EXERCISE GOAL: Reproduce word for word the lines between those holding "Jan Nowak Werkzeugschrank" and "Load image into", inclusive, and nothing else from the data below.

DATA PROVIDED:
········
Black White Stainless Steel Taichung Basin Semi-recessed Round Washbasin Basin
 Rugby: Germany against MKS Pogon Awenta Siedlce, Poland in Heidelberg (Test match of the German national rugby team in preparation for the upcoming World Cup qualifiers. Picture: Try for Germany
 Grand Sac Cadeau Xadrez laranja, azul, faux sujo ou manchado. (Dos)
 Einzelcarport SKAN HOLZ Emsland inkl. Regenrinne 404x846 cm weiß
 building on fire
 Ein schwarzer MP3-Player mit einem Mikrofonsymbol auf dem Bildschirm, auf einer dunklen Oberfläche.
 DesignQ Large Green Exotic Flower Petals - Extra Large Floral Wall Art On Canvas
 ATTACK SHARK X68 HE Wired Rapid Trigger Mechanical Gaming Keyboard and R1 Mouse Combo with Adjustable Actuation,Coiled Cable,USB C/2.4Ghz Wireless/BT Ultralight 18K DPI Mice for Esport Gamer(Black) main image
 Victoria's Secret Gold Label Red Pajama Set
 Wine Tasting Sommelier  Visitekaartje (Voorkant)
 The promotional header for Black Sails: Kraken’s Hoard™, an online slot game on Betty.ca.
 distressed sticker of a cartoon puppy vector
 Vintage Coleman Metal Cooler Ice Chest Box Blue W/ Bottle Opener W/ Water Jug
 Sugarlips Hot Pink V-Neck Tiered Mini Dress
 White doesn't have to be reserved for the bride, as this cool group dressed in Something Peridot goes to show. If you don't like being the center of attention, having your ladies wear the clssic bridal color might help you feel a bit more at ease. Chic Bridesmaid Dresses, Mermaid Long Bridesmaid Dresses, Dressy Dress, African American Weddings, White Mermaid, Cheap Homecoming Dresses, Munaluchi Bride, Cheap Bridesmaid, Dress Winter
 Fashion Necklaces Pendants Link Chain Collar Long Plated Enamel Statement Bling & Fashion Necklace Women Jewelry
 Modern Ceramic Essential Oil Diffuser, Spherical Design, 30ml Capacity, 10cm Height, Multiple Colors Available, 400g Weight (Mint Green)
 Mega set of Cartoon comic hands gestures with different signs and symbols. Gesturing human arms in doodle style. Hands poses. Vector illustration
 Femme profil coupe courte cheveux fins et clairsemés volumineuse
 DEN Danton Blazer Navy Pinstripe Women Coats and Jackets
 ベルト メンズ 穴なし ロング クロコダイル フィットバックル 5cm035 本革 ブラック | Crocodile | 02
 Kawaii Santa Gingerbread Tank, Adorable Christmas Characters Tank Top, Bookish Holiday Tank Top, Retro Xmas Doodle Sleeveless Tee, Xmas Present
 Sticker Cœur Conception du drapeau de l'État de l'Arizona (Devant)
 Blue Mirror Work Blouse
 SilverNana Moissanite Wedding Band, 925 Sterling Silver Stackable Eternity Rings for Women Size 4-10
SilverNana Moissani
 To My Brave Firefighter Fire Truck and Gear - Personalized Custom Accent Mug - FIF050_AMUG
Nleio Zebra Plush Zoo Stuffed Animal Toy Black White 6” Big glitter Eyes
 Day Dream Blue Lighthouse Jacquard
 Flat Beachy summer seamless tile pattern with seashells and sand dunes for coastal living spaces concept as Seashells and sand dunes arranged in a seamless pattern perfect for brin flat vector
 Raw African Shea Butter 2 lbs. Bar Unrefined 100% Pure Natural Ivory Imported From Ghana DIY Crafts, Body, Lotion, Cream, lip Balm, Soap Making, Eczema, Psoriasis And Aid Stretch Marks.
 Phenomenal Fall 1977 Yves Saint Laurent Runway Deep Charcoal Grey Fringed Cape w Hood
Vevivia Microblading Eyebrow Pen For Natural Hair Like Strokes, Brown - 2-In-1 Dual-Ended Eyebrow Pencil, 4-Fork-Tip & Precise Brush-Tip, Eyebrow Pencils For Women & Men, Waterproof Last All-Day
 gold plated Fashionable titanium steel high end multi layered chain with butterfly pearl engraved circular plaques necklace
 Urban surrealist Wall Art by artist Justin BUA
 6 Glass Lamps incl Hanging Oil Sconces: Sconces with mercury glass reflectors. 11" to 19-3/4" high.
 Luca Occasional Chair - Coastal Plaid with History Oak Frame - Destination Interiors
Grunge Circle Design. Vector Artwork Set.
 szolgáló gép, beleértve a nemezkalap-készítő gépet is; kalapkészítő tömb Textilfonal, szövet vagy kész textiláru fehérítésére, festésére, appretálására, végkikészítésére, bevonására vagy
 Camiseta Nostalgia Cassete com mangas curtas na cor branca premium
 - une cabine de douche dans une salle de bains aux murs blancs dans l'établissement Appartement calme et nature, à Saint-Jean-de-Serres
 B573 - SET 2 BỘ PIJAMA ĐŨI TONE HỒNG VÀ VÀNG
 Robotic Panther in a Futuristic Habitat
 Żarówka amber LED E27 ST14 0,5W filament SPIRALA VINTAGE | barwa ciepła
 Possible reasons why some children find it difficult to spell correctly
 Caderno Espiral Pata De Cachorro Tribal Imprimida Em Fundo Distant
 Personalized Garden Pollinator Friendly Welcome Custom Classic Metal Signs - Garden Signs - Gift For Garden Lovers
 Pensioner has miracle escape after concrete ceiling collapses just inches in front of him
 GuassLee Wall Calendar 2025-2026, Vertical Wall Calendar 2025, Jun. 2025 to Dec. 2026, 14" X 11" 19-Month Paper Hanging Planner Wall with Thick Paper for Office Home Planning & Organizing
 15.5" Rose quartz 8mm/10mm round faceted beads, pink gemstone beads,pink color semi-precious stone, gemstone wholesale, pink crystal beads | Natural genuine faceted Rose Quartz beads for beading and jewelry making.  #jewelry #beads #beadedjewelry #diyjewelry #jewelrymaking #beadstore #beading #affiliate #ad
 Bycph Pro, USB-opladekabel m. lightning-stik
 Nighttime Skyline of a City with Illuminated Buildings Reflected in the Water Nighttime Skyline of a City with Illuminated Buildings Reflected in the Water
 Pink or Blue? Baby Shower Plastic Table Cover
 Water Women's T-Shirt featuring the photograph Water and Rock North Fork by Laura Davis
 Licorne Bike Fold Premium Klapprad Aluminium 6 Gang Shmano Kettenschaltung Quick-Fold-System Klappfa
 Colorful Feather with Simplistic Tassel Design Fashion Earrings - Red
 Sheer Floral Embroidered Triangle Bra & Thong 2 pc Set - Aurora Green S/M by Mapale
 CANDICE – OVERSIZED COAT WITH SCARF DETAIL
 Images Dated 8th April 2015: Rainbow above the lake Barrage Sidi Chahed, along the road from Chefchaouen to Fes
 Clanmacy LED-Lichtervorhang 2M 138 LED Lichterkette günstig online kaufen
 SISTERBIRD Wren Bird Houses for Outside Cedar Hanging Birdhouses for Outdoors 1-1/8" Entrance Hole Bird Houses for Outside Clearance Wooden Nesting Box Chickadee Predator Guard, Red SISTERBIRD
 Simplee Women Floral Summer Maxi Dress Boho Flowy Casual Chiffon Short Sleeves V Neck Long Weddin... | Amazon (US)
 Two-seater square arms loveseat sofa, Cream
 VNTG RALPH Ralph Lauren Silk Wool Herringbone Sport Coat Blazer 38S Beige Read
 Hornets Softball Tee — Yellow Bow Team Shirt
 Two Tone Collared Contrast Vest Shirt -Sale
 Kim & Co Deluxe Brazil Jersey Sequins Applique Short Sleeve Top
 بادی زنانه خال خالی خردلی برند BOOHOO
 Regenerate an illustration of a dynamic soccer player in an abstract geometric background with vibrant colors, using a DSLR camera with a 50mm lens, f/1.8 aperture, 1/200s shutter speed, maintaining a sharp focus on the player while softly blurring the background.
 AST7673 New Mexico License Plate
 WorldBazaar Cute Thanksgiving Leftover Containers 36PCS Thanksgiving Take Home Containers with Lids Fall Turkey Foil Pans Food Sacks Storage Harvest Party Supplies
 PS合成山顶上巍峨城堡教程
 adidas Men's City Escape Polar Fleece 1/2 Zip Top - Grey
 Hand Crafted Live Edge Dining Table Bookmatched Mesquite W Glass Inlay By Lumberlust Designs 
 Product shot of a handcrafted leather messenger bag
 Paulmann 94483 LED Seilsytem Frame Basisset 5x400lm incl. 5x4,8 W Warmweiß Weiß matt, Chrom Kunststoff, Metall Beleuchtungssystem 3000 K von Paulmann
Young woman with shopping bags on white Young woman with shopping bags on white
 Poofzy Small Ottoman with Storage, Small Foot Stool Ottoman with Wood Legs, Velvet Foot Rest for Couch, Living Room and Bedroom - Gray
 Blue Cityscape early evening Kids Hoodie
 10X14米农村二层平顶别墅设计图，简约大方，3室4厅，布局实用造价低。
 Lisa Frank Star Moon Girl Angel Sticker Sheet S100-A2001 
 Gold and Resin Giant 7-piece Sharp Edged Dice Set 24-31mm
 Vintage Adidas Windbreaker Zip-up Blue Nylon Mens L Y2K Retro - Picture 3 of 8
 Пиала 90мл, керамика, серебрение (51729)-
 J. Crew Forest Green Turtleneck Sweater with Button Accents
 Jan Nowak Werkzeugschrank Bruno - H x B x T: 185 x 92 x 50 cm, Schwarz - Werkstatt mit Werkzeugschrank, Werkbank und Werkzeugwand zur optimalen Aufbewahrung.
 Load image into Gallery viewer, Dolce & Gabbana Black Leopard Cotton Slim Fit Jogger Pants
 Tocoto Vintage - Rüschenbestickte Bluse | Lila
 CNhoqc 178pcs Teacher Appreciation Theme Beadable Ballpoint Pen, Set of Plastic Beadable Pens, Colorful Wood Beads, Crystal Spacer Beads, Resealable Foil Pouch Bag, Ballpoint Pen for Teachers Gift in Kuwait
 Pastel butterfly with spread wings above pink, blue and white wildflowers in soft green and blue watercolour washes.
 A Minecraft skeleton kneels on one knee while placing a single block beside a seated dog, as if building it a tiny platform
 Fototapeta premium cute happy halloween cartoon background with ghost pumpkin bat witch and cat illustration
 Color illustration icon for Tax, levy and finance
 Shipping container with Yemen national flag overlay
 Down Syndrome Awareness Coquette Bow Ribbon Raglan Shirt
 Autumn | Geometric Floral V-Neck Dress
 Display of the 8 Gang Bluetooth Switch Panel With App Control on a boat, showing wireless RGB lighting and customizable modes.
········
RESULT OF THIS EXERCISE:
 Jan Nowak Werkzeugschrank Bruno - H x B x T: 185 x 92 x 50 cm, Schwarz - Werkstatt mit Werkzeugschrank, Werkbank und Werkzeugwand zur optimalen Aufbewahrung.
 Load image into Gallery viewer, Dolce & Gabbana Black Leopard Cotton Slim Fit Jogger Pants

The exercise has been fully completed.